(DATA FOR ANALYSIS):
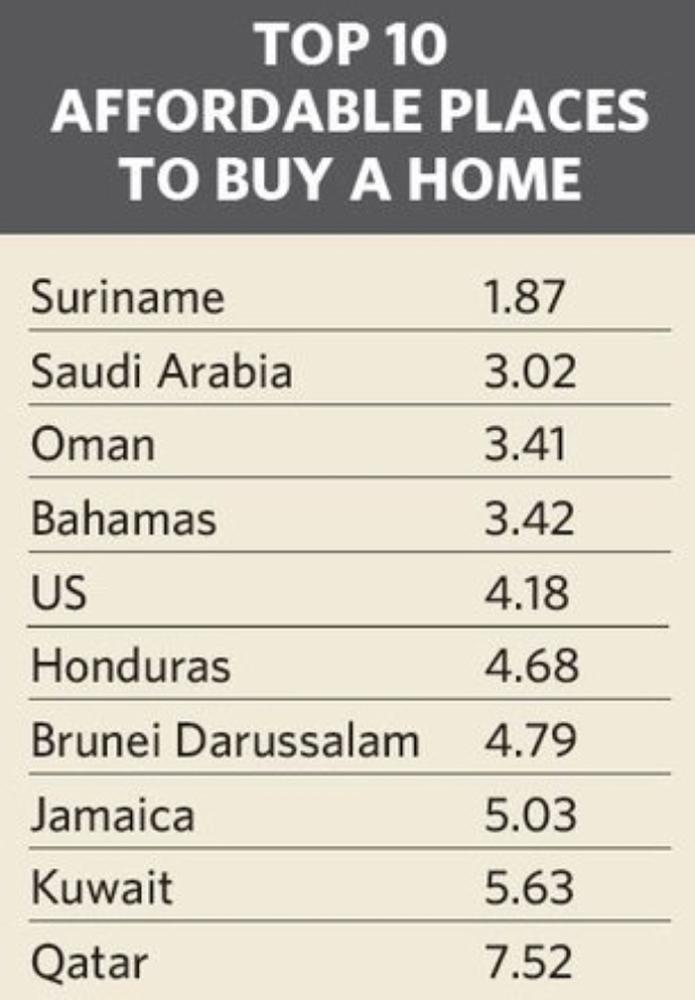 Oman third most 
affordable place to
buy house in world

* * *

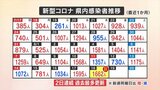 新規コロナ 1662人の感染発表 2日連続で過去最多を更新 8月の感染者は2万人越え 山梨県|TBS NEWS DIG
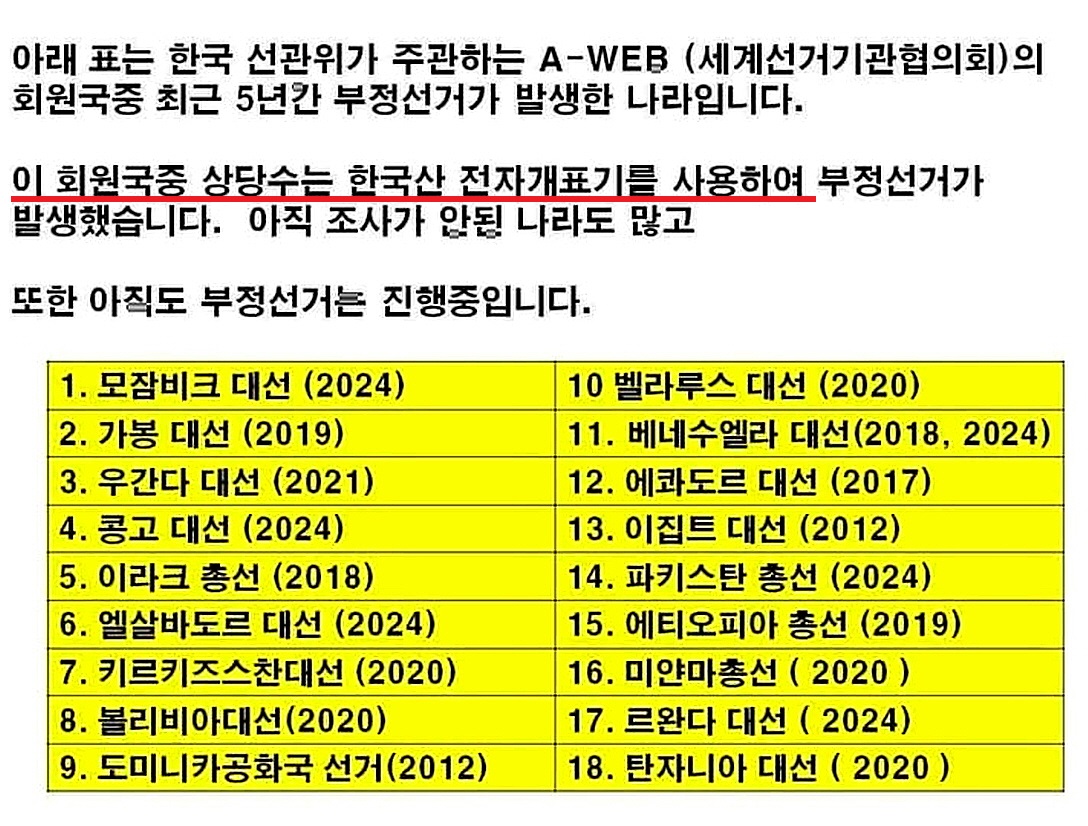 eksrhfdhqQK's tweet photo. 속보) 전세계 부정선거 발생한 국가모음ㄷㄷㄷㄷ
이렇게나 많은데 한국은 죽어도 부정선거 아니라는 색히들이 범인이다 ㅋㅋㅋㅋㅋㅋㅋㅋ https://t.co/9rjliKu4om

(WHAT IS REQUIRED):
In the material above, the stretch from the line with "Oman third most" through the line with "buy house in world" is to be given again exactly, minus the pictures.

(RESPONSE AREA):
 Oman third most 
affordable place to
buy house in world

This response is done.